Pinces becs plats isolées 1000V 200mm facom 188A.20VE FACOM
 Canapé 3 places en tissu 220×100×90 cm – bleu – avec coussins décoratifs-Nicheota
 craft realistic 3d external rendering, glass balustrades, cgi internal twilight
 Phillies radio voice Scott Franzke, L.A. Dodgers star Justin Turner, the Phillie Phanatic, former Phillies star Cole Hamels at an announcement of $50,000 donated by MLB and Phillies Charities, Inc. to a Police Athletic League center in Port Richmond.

**Your instructions:** Nothing but the line with "Canapé 3 places" and the lines after it, through the end of the material, should appear in the output, word for word.

**Completed exercise:**
 Canapé 3 places en tissu 220×100×90 cm – bleu – avec coussins décoratifs-Nicheota
 craft realistic 3d external rendering, glass balustrades, cgi internal twilight
 Phillies radio voice Scott Franzke, L.A. Dodgers star Justin Turner, the Phillie Phanatic, former Phillies star Cole Hamels at an announcement of $50,000 donated by MLB and Phillies Charities, Inc. to a Police Athletic League center in Port Richmond.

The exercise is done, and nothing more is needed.